Braised root vegetables with Vegemite, brown rice and radish salad
Vegemite occupies a very specific place in the Australian culinary landscape – and has done for quite some time. It is synonymous with the whitest of bread and buttery toast and very little else. But it’s time for Vegemite to step out of the shadows and look towards more interesting expressions in cooking.
I recall many years ago my grandmother sipping on Vegemite stirred into a mug of hot water. I also recall that despite it being a daily occurrence I always reacted with shock and mild disgust. But now I can see that Nan was a visionary.

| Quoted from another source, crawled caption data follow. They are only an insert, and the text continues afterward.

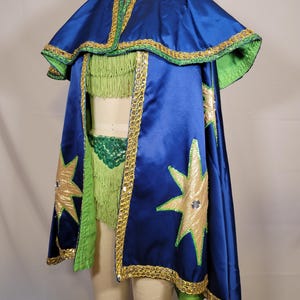 May include: A blue cape with gold star accents and gold trim. The cape has a green lining and is paired with a green fringed top. The costume is displayed on a mannequin.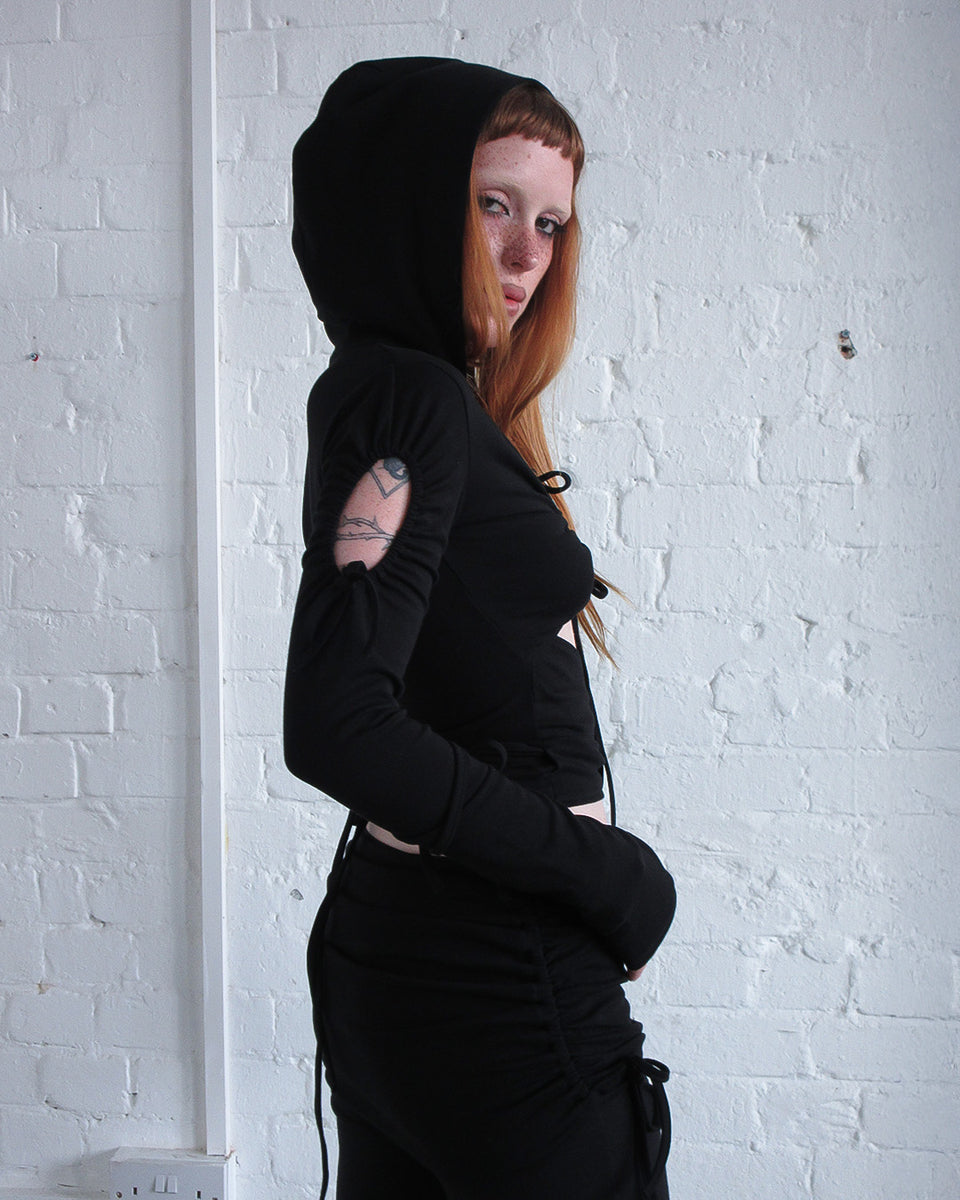 A person with long red hair wears the NAMED COLLECTIVE® ENVY SCULPT STRETCH TIE HOODIE BLACK, standing by a white brick wall.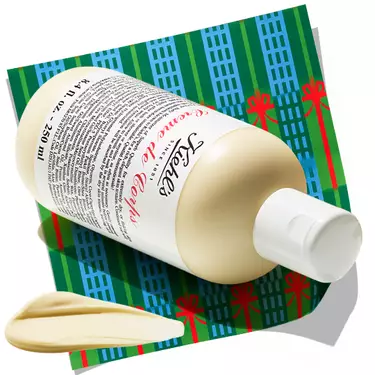 Bottle of Kiehl's Creme de Corps body lotion with a dollop of cream, resting on a patterned holiday background.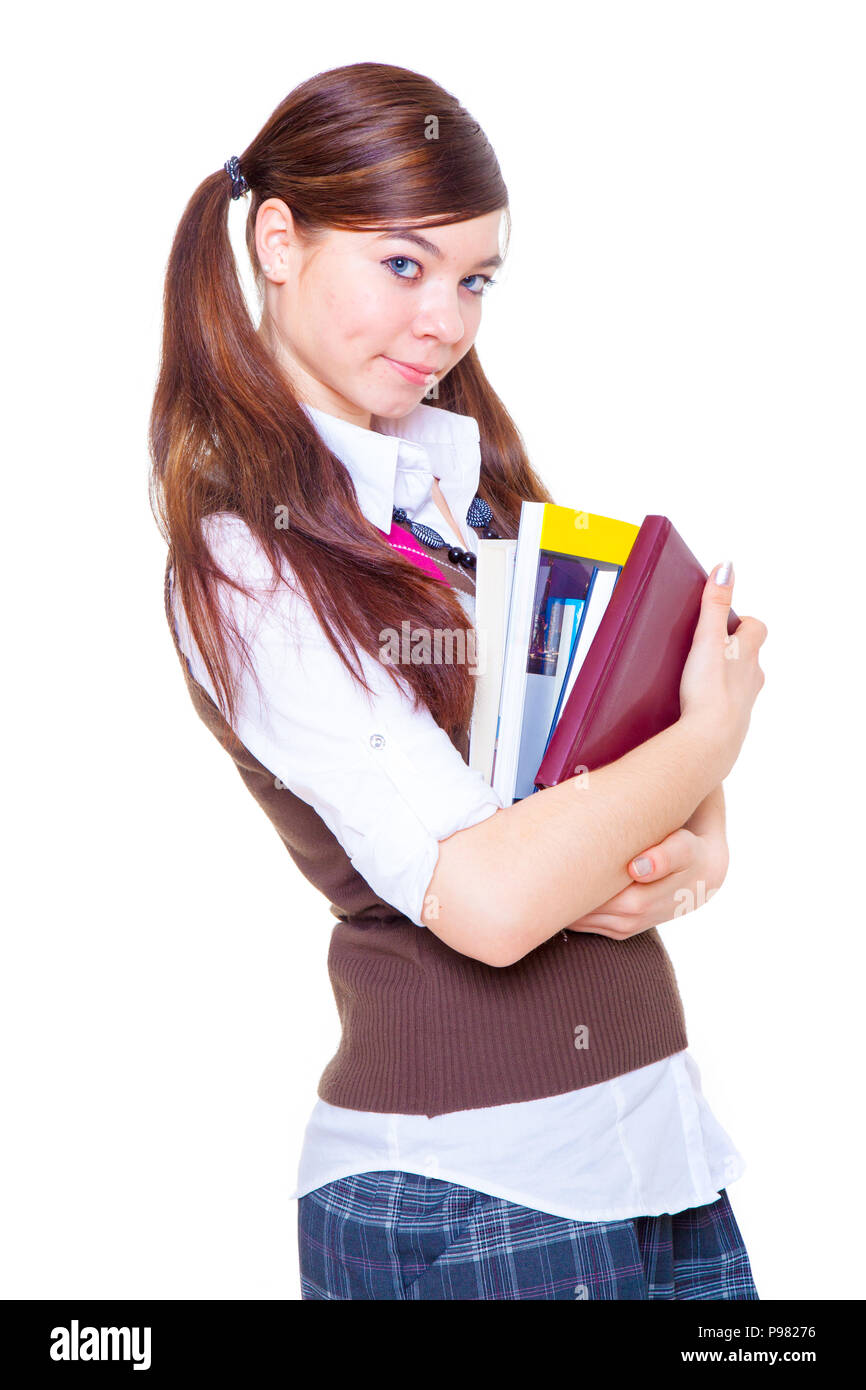 schoolgirl standing with book in hands Stock Photo - Alamy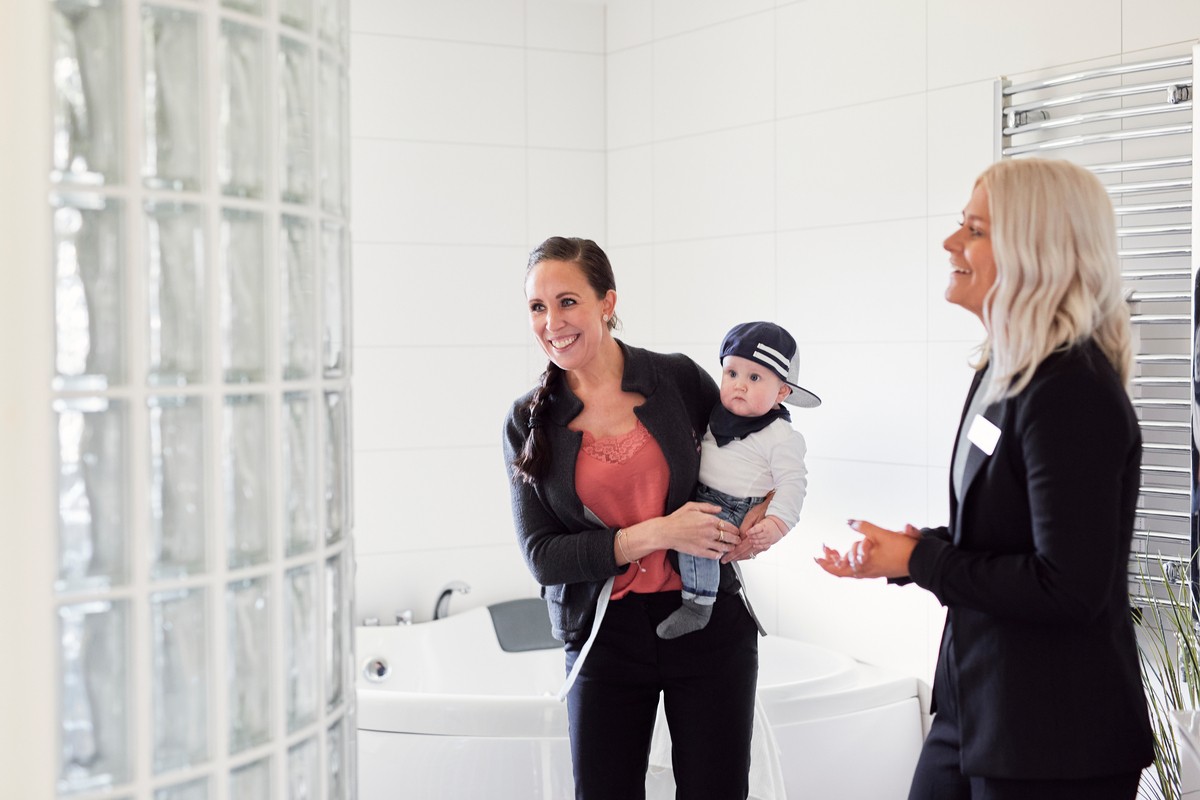 utleiemegler viser frem badet i en bolig til mamma med barn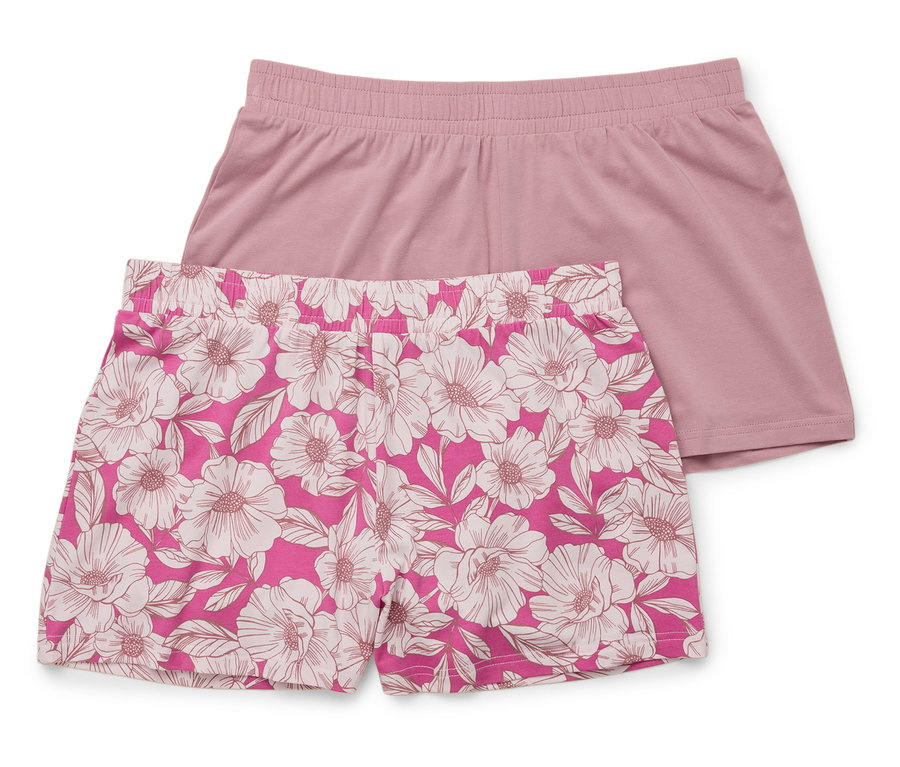 Zwei kurze Hosen liegen übereinander: eine unifarben rosa, die andere rosa mit weißem Blumenmuster.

Without pretending to have any insight into Vegemite production, I would say it is basically just miso. A much more potent and much less alive miso, to be sure, but it has a very similar profile. And if dealt with using suitable restraint, Vegemite – or its many very good alternative brands – delivers a umami uppercut when rubbed on meats, or vegetables such as pumpkin, prior to grilling. It’s also a hit when stirred through broths or mildly fatty sauces, lifting the flavour intensity to new levels.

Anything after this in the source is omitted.